Robust Text Detection in Natural Scenes and Web Images

  

1. Abstract

     Text detection in natural scenes and web images is an important prerequisite for many content-based image analysis tasks. We propose an accurate and robust method for detecting texts in natural scene images. A fast and effective pruning algorithm is designed to extract Maximally Stable Extremal Regions (MSERs) as character candidates using the strategy of minimizing regularized variations. Character candidates are grouped into text candidates by the single-link clustering algorithm, where distance weights and clustering threshold are learned automatically by a novel self-training distance metric learning algorithm. The posterior probabilities of text candidates corresponding to non-text are estimated with a character classifier; text candidates with high non-text probabilities are eliminated and texts are identified with a text classifier. The proposed system is evaluated on the ICDAR 2011 Robust Reading Competition database; the f-measure is over 76%, much better than the state-of-the-art performance of 71%. Experiments on multilingual, street view, multi-orientation and even born-digital databases also demonstrate the effectiveness of the proposed method. Our technology won the first place of both "Text Localization in Real Scenes" and "Text Localization in Born-Digital Images (Web and Email)" in the ICDAR 2013 Robust Reading Competition.

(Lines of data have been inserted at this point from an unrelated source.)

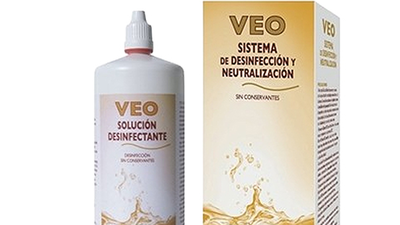 Sanidad retira dos lotes de un líquido de limpieza de lentillas por riesgo de lesiones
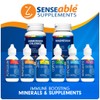 Taste N' Score Zinc Liquid Ionic Mineral Supplement; 100% Pure;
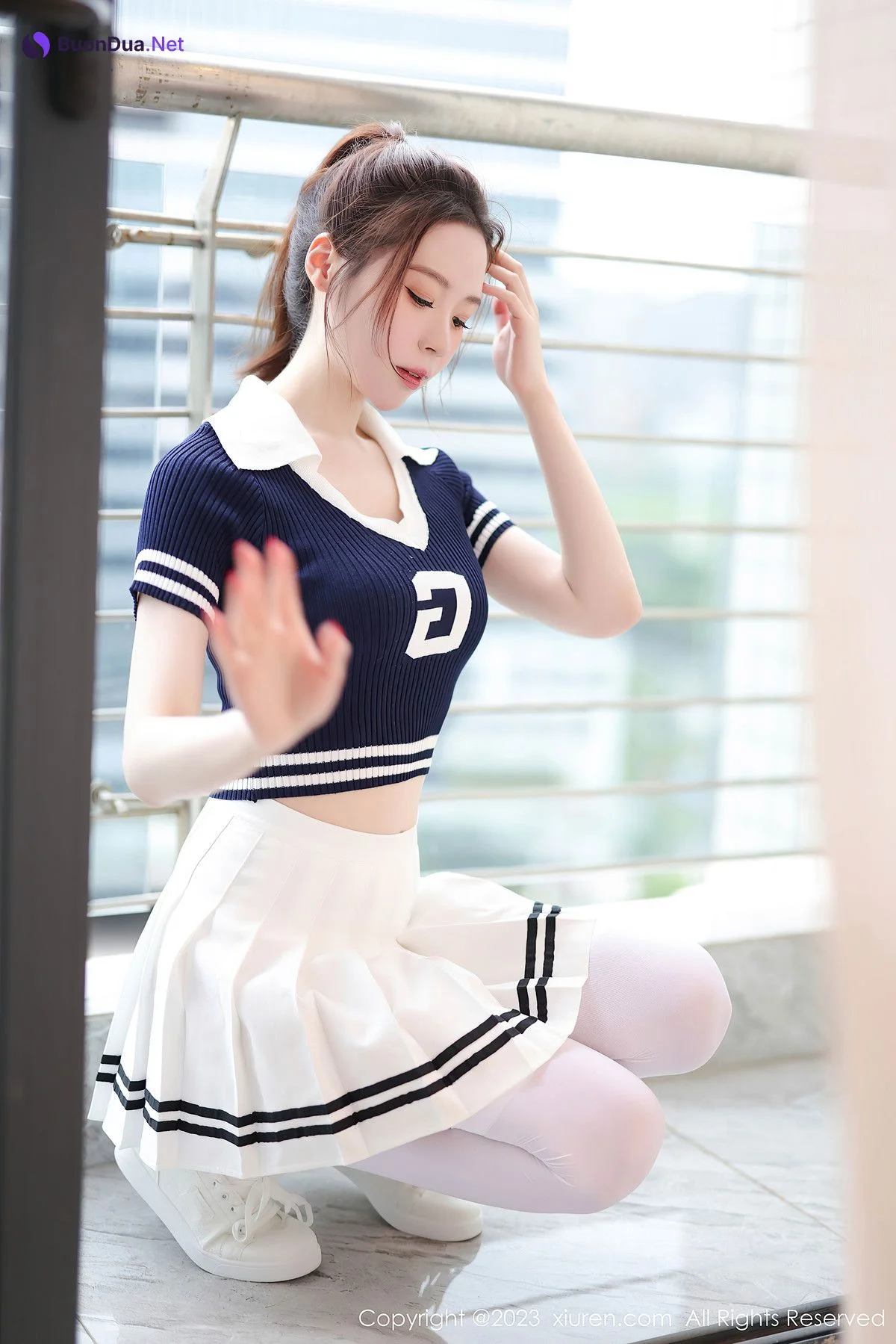 XiuRen秀人网 NO.7416 MengXinYue梦心玥 - Photo 8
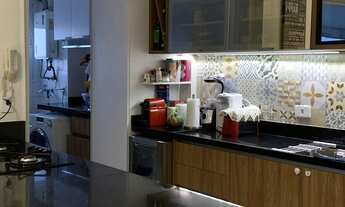 Imagem 7: Apartamento 89 metros de Varanda Gourmet junto ao Metrô no Tatuapé!!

2. Framework of Robust Text Detection System

      By integrating several improvements over traditional MSER based methods and distance metric learning techniques, we propose a new scene text detection system. The structure of the proposed system is presented in Figure 1. The figure also shows the experimental result corresponding to each stage of a sample image.

     Our robust scene text detection system mainly includes:
     1) In the character candidates extraction stage, character candidates are extracted using the MSER algorithm; most of the non-characters are reduced by the proposed MSERs pruning algorithm using the strategy of minimizing regularized variations.
     2) In the text candidates construction stage, distance weights and threshold are learned simultaneously using the proposed metric learning algorithm; character candidates are clustered into text candidates by the single-link clustering algorithm using the learned parameters.
     3) In the text candidates elimination stage, the posterior probabilities of text candidates corresponding to non-text are measured using the character classifier and text candidates with high probabilities for non-text are removed.
     4) In the text candidates classification stage, text candidates corresponding to true text are identified by the text classifier. An AdaBoost classifier is trained to decide whether an text candidate corresponding to true text or not. As characters in the same text tend to have similar features, the uniformity of character candidates' features are used as text candidate's features to train the classifier.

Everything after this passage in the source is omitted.